REST interface specifications
http://www.wf4ever-project.org/wiki/display/docs/Wf4Ever+service+APIs
Wf4Ever models implementation considerations
RO model
Version 5 of RODL implements ?Research Object Vocabulary Specification v0.1. It implements all the concepts related to resource aggregations and annotations. It offers no support for folders (ro:Folder).
RO evolution
Version 5 of RODL does not implement the ?RO evolution model.
Portal
Apart from RESTful services, the Research Object Digital Library includes a web application for exploring the content of the digital library and testing the most up-to-date implementations of the Wf4Ever models.
Mapping between RO structure and internal dLibra data model
General structure
Until RODL 5, research objects belonged to workspaces and had versions. Starting from RODL 5, shorter URIs are used. For backwards compatibility, workspaces and versions are still used internally - workspace "default" and version "v1" is assumed.
Research Object | dLibra |
---|---|
Workspace | Group publication |
Research Object | Publication |
Version of Research Object | Publication with single edition which content is modified every |
Resource file | File |
Attributes
Whenever a manifest or annotation is created, it is scanned for statements about the research object itself. Such statements are added to dLibra as RO attributes, which are later used for indexing and search.
Software libraries used
The service is a servlet based application built using the Jersey framework.
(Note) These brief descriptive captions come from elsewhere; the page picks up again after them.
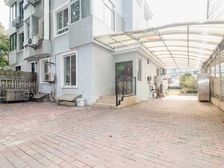 大花园双拼。地上三层。再送地下室和阁楼。有钥匙。买好房急出。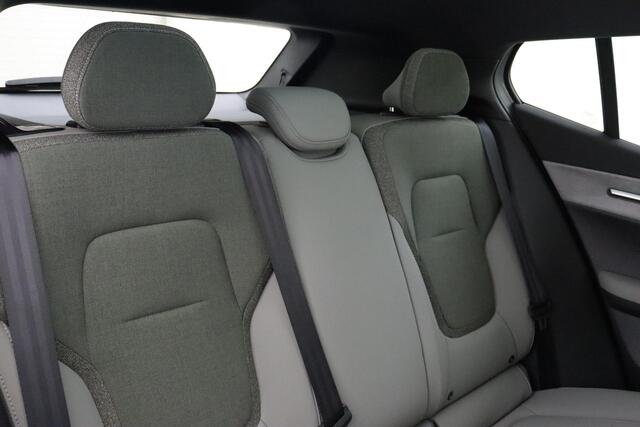 Volvo EX30 CROSS COUNTRY TWIN MOTOR PERFORMANCE ULTRA 69 kWh -PANO.DAK|HARMAN/KARDON|PRIVACY.GLAS|360°CAM|POWER-SEATS|AUT.PARKEREN|PINE
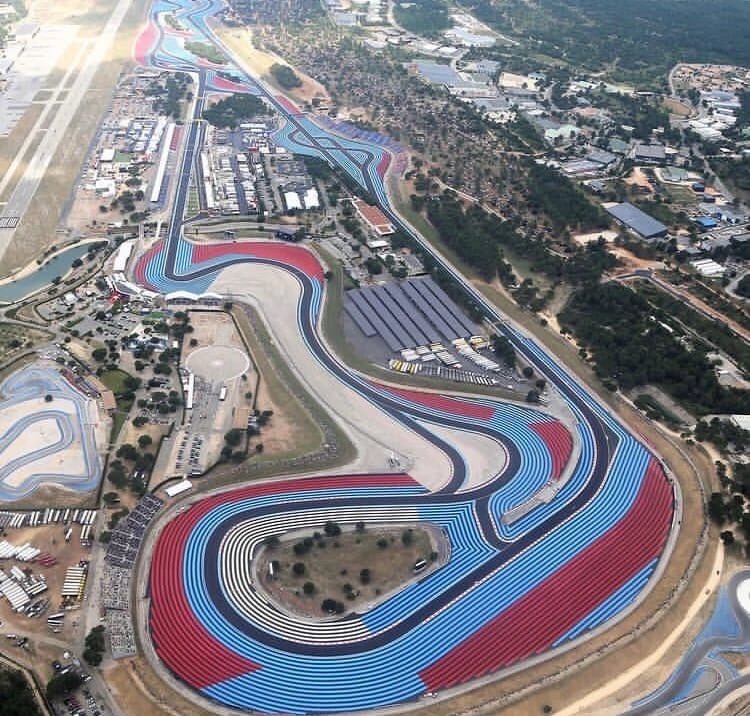 KaikGrig's tweet photo. Prêt à partir 🏎🏁 #Formula1 #FrenchGP 🇫🇷 
#homerace #frenchgirl #happyaunt https://t.co/o8O2YoPwSW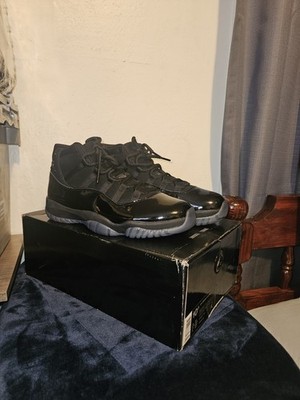 Air Jordan 11 Cap and Gown Size 10.5 Mens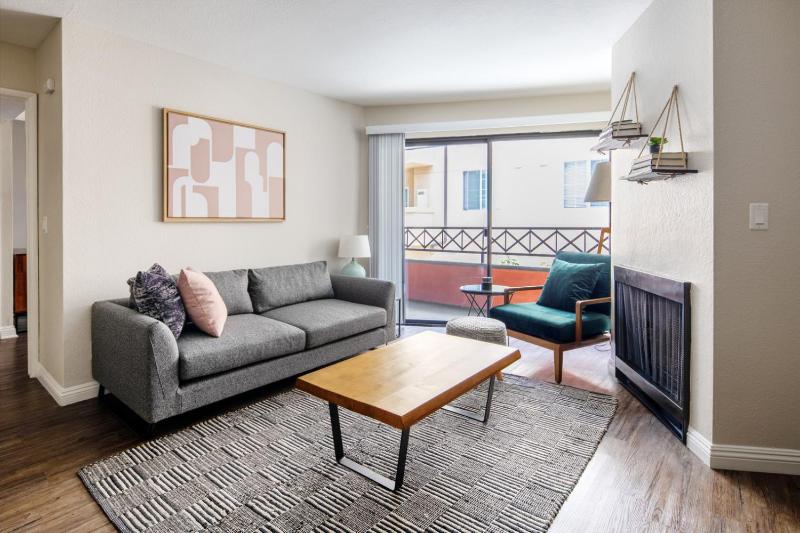 Цены на Sawtelle 2BR w Community Area nr Downtown LA LAX-316 в Лос-Анджелесе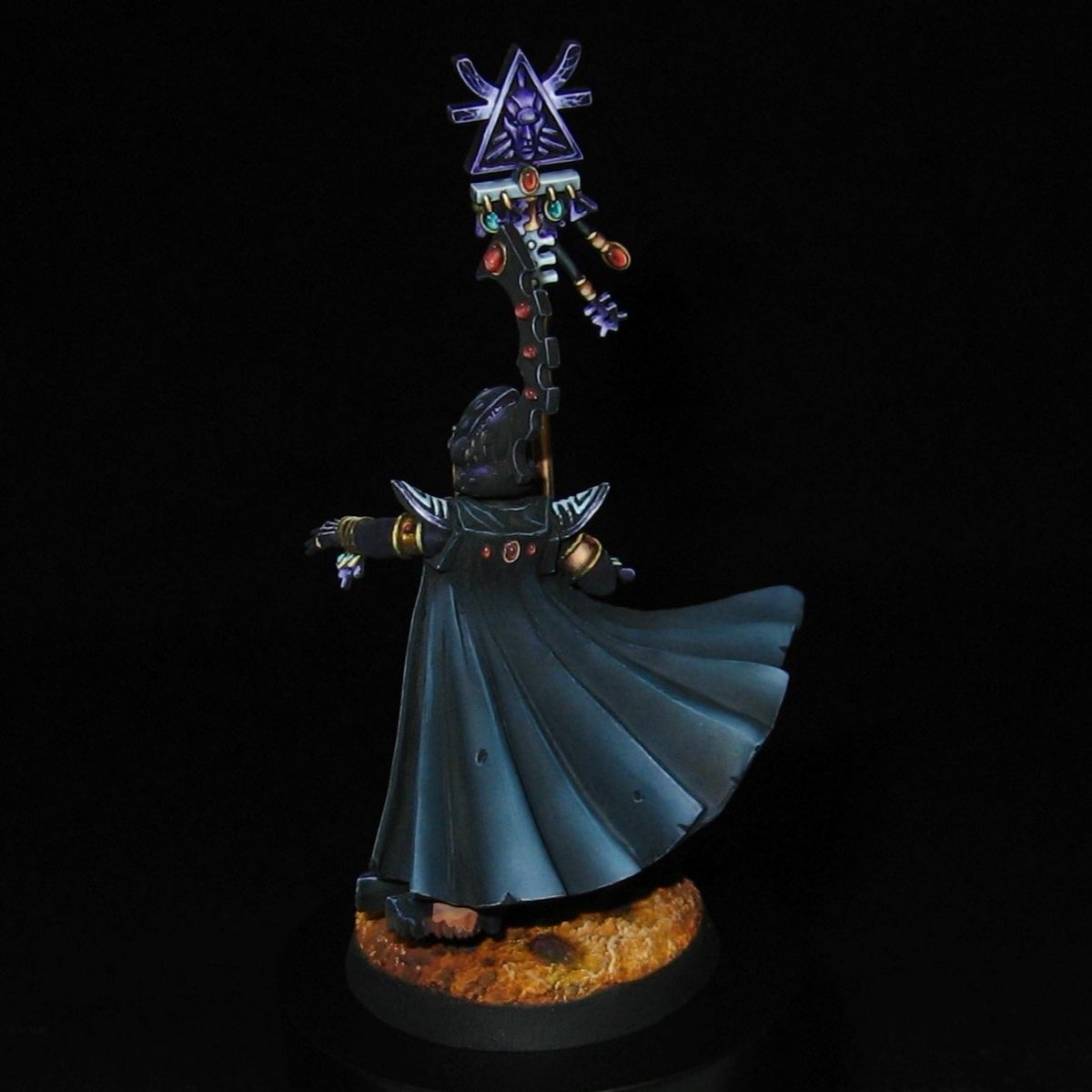 kpminis's tweet image. More views of my recently finished Eldrad Ulthran. There may be even more Aeldari coming soon 😉
.
#paintingwarhammer #WarhammerCommunity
Jena framework is used to handle RDF files. NG4J is used for handling named graphs.
Portal is built using Apache Wicket.
Deployment instructions
The source code is available at git://github.com/wf4ever/rosrs.git.
See instructions and additional information at source code repository: https://github.com/wf4ever/rodl
dLibra server location and directory used for storing workspaces should be configured in src\main\resources\connection.properties file. A dLibra instance used for demonstration purposes is available at host sandbox.wf4ever-project.org (port number 10051 and directory 3, as originally configured).
That's all, now the project can be built (mvn package) and deployed (rosrs5 servlet).